Excitement and creativity
After high school I decided to study Medical Biology as I was interested in the processes of the human body and how hitches in these processes can lead to disease. During my internships at several laboratories I found out that I particularly liked fundamental research. What appealed to me in research? The excitement when making scientific discoveries and the creativity you can put into research. I first came across immunological research during my internships. What fascinated me in this field was the enormous complexity of the immune system. The immune system is active in almost all parts of our organ systems and is therefore involved in many disease processes.
“What determines the interactions between immune cells? How do these communication processes between cells influence cellular behaviour? How does this affect the activity of the immune system? These are the questions that I find really intriguing. It seems that extracellular vesicles serve as messengers for communication between cells. This means of communication can be very important for our immune system. Tightly-regulated communication processes between cells can counteract attacks by incoming microbes, e.g. viruses and bacteria.”
“During my PhD, between 2000 and 2003, I discovered that immune cells pass on extracellular vesicles to one another. The vesicles are small packages containing very specific information that can affect target cell behaviour. This is a really fascinating concept that I wanted to explore further as a post doctoral researcher. Initially, it was extremely difficult to get our data on these vesicles published in the scientific literature. The vesicles were generally seen as useless cellular waste products. Since 2008, a couple of important discoveries caused a turnaround, and this research field became widely accepted and even popular within the biomedical sciences. The number of publications is now exponentially increasing, an international society has been established, and a new journal has become available specifically on this topic.”
“The research can be of importance to animals as well as humans”
“As we acquired a lot of expertise in this area within our research group over the years , I collected plenty of material and ideas to write an ERC grant proposal. In 2013, I received the grant: no less than 1.5 million euro to set up an innovative research line. Currently, my main task involves developing and expanding this research line. Now that I have received the grant, I am able to answer many of the questions that have arisen over the years about the role of extracellular vesicles in the immune system.”
“Although I work at the Faculty of Veterinary Sciences, this does not mean that I only work with animals. For the fundamental molecular research we make use of different cell systems in cell culture flasks in which we simulate the communication processes between immune cells. The information obtained through these types of experiments of course needs to be verified in living organisms at a later stage. The research can be of importance to animals as well as humans.”

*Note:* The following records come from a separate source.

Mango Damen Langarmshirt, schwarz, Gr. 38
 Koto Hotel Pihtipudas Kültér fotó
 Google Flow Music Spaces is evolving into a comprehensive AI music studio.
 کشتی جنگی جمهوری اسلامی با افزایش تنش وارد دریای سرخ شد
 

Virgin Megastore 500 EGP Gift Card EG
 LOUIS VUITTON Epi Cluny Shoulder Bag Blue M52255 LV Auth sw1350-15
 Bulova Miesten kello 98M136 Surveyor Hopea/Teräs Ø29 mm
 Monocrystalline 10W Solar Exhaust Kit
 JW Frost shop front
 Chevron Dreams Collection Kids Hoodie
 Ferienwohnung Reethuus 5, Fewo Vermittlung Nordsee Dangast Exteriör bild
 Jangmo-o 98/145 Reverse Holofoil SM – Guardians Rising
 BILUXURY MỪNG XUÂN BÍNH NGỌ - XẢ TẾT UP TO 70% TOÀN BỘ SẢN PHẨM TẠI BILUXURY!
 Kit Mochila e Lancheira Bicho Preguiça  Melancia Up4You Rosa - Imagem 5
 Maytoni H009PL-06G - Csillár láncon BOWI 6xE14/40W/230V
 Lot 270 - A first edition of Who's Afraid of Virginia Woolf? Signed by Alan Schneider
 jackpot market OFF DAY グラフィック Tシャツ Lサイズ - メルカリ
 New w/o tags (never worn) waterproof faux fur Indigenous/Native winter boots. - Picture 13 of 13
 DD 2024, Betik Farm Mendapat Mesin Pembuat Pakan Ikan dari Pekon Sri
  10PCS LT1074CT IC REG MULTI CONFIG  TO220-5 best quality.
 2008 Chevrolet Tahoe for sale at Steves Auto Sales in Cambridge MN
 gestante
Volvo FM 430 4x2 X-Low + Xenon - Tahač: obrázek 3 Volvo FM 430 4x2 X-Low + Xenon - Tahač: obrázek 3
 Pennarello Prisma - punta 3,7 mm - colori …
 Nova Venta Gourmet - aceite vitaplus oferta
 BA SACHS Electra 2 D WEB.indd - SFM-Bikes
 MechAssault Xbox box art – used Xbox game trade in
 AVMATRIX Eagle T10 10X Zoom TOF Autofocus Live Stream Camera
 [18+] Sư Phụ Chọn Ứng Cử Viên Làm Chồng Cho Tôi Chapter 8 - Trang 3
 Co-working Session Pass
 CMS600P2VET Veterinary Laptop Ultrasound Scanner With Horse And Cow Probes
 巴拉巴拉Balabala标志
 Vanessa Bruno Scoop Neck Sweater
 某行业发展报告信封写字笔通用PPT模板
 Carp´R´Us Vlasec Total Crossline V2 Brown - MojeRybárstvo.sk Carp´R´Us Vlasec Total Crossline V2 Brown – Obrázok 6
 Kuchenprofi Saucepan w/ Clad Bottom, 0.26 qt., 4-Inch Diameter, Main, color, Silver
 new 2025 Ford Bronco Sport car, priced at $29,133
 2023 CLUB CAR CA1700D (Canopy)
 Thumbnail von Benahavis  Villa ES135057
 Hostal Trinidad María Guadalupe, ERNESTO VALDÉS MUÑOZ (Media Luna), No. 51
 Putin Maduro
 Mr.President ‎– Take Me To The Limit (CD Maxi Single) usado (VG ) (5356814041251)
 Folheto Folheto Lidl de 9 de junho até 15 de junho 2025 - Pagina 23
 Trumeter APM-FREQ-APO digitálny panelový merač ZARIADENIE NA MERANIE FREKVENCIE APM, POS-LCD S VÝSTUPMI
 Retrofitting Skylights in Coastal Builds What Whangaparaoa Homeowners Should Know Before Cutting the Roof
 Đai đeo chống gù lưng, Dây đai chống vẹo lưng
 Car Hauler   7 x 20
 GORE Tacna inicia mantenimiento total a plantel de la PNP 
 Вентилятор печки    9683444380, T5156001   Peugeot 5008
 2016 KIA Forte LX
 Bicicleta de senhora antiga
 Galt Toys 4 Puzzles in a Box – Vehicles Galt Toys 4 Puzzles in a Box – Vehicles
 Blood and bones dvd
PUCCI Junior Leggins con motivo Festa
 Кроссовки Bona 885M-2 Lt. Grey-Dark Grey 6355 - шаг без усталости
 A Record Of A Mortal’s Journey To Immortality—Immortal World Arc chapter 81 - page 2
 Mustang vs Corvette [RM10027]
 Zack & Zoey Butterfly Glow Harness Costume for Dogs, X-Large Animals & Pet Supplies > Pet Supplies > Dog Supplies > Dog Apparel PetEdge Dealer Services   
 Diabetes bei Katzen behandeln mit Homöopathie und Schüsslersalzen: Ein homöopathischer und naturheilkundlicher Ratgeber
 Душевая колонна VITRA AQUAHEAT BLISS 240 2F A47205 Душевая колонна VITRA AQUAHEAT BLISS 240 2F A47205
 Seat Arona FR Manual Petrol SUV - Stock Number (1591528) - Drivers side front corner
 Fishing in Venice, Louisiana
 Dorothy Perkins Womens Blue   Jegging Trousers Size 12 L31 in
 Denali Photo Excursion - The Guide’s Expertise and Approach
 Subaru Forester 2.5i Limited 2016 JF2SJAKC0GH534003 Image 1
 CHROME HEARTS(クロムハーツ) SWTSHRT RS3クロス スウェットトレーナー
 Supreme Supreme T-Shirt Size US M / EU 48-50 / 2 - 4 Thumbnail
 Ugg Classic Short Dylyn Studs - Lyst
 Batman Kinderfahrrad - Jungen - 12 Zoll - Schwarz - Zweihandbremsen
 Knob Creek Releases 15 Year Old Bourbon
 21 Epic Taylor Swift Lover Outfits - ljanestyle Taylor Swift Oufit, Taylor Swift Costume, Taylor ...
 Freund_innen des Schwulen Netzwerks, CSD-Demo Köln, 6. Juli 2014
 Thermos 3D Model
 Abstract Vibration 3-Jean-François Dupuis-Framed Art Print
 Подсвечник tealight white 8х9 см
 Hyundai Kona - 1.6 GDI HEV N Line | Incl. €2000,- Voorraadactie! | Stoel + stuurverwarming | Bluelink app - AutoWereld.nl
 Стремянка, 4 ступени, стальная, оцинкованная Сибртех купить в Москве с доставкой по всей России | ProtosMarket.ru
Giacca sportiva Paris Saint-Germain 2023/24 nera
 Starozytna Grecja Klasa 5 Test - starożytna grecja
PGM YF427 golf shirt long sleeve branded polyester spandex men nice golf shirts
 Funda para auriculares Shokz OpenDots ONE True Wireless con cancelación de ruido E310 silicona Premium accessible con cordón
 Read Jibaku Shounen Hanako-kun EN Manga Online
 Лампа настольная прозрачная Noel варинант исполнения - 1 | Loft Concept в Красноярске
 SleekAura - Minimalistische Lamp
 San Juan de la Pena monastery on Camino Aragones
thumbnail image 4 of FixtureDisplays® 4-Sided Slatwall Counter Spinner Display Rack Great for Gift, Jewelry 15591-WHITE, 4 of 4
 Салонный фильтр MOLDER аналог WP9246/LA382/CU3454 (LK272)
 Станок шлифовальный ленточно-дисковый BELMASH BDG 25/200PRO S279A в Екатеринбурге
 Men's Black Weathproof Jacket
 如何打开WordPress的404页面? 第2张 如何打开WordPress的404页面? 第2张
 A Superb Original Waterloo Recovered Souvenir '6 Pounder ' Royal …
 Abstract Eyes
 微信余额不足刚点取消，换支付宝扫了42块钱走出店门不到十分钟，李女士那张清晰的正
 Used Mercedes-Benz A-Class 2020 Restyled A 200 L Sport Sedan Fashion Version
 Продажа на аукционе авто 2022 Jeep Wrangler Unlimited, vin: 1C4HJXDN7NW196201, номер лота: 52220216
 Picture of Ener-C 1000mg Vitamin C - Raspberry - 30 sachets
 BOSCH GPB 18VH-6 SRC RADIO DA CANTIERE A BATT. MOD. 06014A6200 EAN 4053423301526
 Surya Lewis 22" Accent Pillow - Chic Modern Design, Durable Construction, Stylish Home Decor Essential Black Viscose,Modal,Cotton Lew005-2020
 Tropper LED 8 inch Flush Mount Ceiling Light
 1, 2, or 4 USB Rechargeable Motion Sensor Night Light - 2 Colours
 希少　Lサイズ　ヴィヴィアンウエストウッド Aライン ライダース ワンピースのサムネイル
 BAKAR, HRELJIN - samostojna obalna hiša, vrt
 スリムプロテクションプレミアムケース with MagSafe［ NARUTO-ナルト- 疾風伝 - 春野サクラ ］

“In addition to this fundamental research, we also do more applied research within the field of Infection & Immunity. In collaboration with Nutricia Research we have a project on breast milk. . We are trying to find out how extracellular vesicles in breast milk contribute to development of the infant’s immune system. This project is also of importance in the veterinary field. Think about questions as whether the immune system of calves would be fitter if they would drink mother’s milk instead of the commonly-used formula. We are also involved in research to discover cancer-related biomarkers in blood. I enjoy the combination of doing both fundamental and more applied research. Both types of research are necessary to unveil novel insights that can improve both human and animal health.”
“My average day is not only filled with pure science. My work encompasses a lot of managerial work and meetings, training of PhD students, management of technicians, and supervision of interns and students writing their thesis. My advice for PhDs and students that want to pursue a career as scientists? Brainstorm! Make use of other researchers as a sounding board. And always remain very critical of your own data. Well-supported theories allow for faster research and make your research more credible.”